$25
Goals
This lab will provide you with some practice with Linked Lists. In this lab you will:
• implement stack and queue data structures using linked lists and
• work with a linked list structure for counting characters
Preparation
• You should be familiar with the Linked List material in Chapter 3 of the textbook before attempting this lab (online link here).
• We’ll be using stacks and queues again, so make sure you are familiar with them from the previous topic.
Implementing a Stack and a Queue
The provided linked_list_structures module contains two skeleton classes: Stack and Queue that use a linked list to implement the interfaces for working with a stack and a queue.
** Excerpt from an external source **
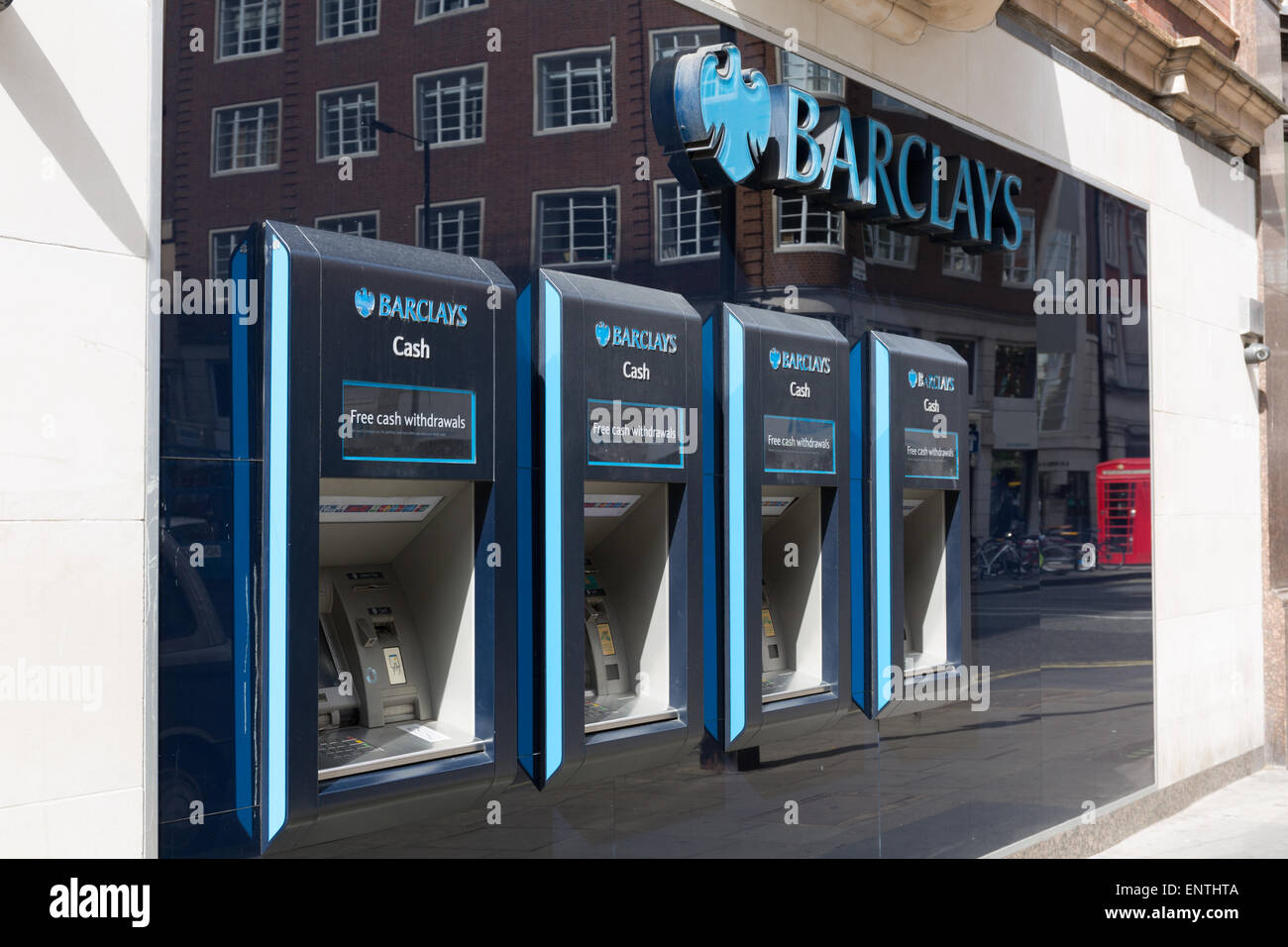 Une rangée de quatre guichets automatiques de la banque Barclays Banque D'Images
However, they’re missing implementations for the most important methods: push, pop, peek, enqueue and dequeue!
Remember that a stack is ‘last-in–first-out’ (LIFO), and a Queue is ‘first-in–first-out’ (FIFO). The stack implementation should push and pop items from the head of the list; with the queue implementation it works out easiest if items are enqueued at the tail and dequeued from the head of the list. Your initial task is to:
• Complete the missing implementations for both the Stack and Queue classes in the linked_list_structures module.
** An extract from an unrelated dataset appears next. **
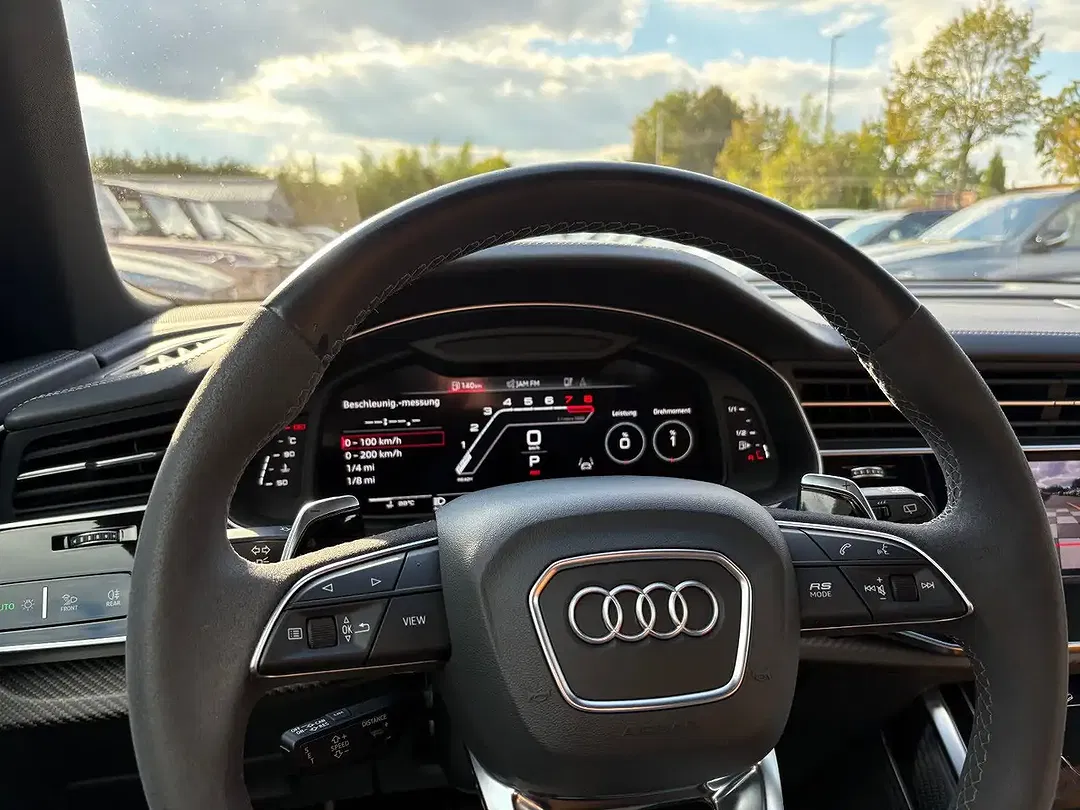 Audi RS Q8 4.0 TFSI quattro plus - Thumbnail 12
– The Stack and Queue must be implemented as a linked lists of Node objects and a Node class is defined at the start of the linked_list_structures module—check it out now.
– The doctests for the Stack and Queue class not only check that you are using linked lists, they give you some indication of how to use the linked lists.
– The head of the linked list will effectively be the top of a stack or the front of a queue.
– Each Node holds an item and a pointer to the next Node object (which will be None if there is nothing after it).
• Implement the __len__ methods so that they return the number of nodes in the stack/queue. Remember Python will interpret len(q) as q.__len__(), ie, so we don’t need to call q.__len__() directly when using our stacks/queues.
It is important to test the extreme cases such as deleting from a list of 1 item, adding to a list of 0 items etc. Most of these cases are included in the doc tests (but not all). When you have completed the Stack and Queue classes you can test them with the doctests (by running the file in Wing) and/or by manually experimenting with the classes, for example:
>>> from linked_list_structures import Stack
>>> s = Stack() >>> s.push('a')
>>> print(s)
Stack: head/top -> a -> None
>>> s.pop() 'a'
>>> print(s)
Stack: head/top -> None
>>> s.push('b')
>>> print(s)
Stack: head/top -> b -> None
>>> s.push('c')
>>> len(s)
2
>>> s.peek()
'c'
>>> print(s)
Stack: head/top -> c -> b -> None
>>> s.pop()
>>> from linked_list_structures import Queue
>>> q = Queue()
>>> q.enqueue('a')
>>> print(q)
Queue: head/front -> a -> None
>>> len(q)
1
>>> q.enqueue('b')
>>> print(q)
Queue: head/front -> a -> b -> None
>>> q.enqueue('c')
>>> print(q)
Queue: head/front -> a -> b -> c -> None
>>> len(q)
3
>>> q.dequeue() 'a'
>>> print(q)
Queue: head/front -> b -> c -> None
'c'
> Once you have implemented these, complete Linkystacksandqueues questions in Lab Quiz 3.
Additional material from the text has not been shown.